DATASET EXTRACT:
────────────────────

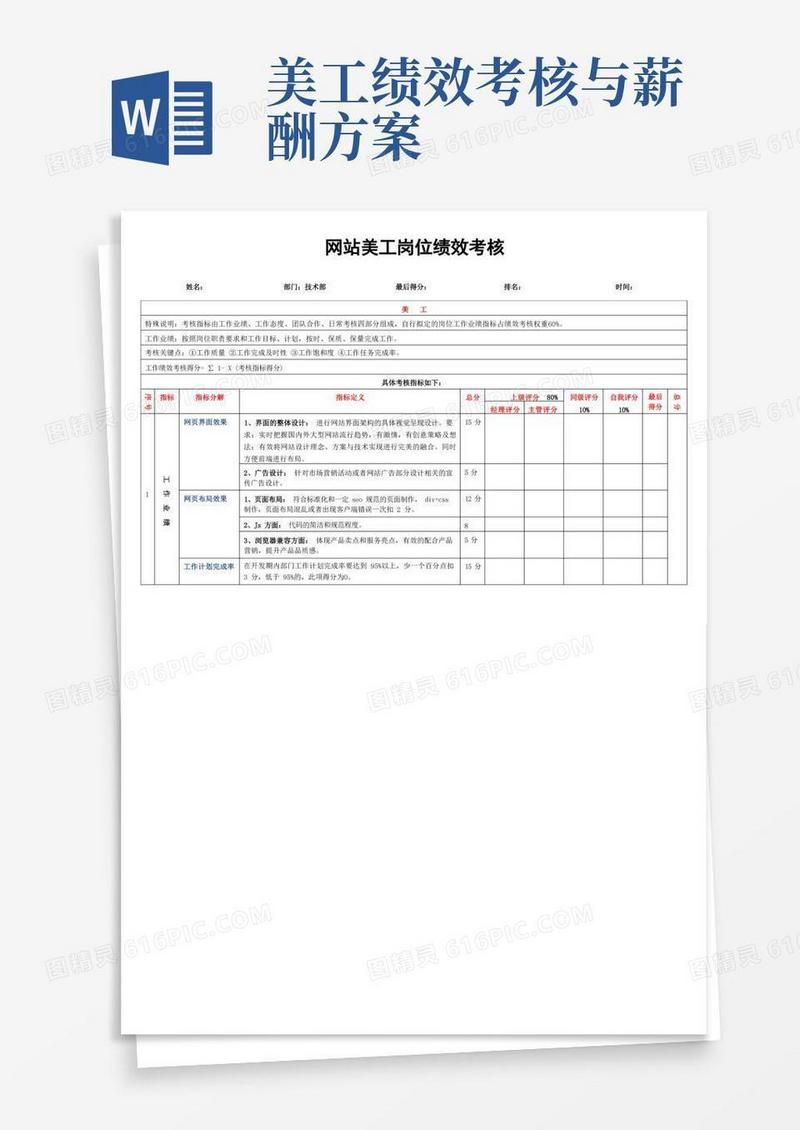 电商美工岗位绩效考核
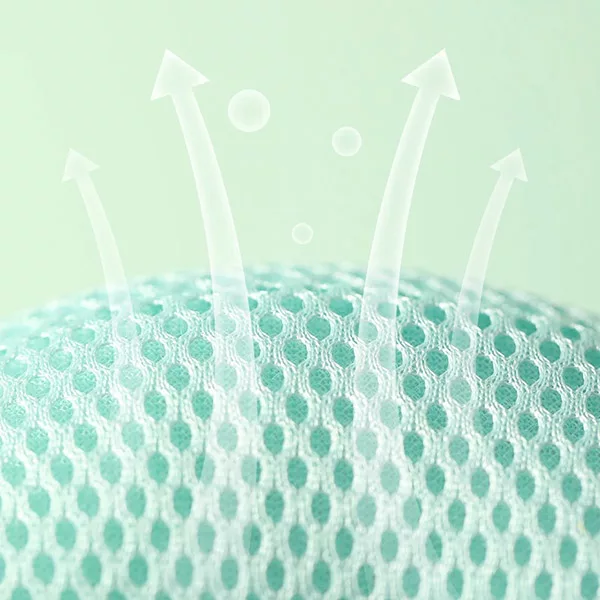 Sac à Dos de Protection de la Tête de L’Enfant – Image 5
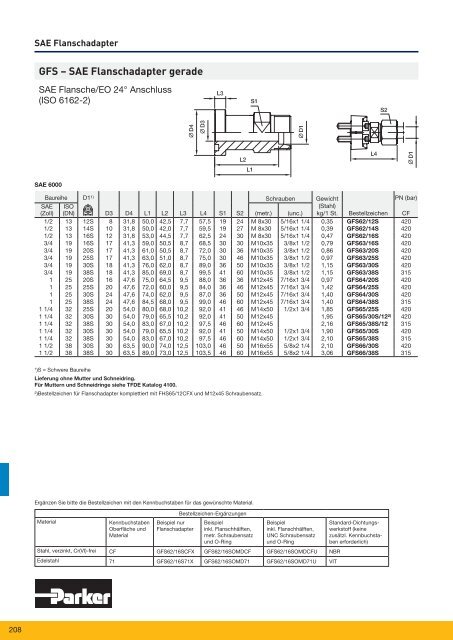 Parflange® F37für Rohr- und Rohrleitungs- verbindungen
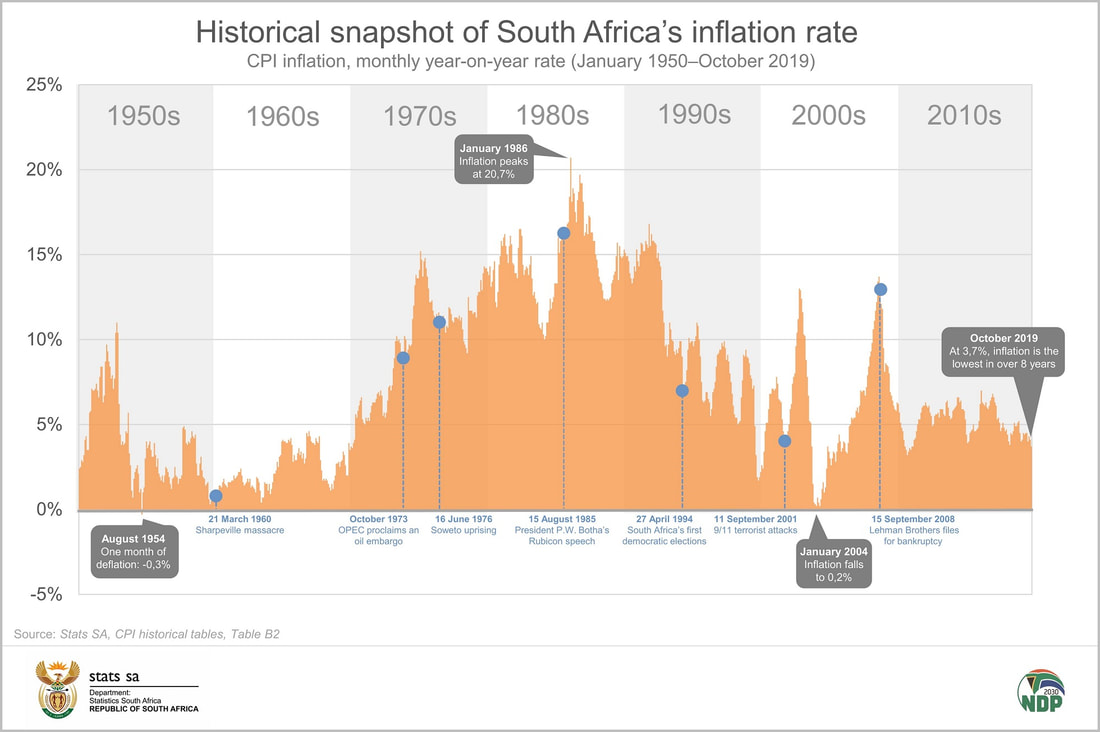 South Africa's inflation the lowest its been in 8 years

────────────────────

WHAT THE TASK REQUIRES: The result should be the full material above, word for word, with its pictures omitted.

ANSWER TO THIS PROBLEM:
 电商美工岗位绩效考核
 Sac à Dos de Protection de la Tête de L’Enfant – Image 5
 Parflange® F37für Rohr- und Rohrleitungs- verbindungen
 South Africa's inflation the lowest its been in 8 years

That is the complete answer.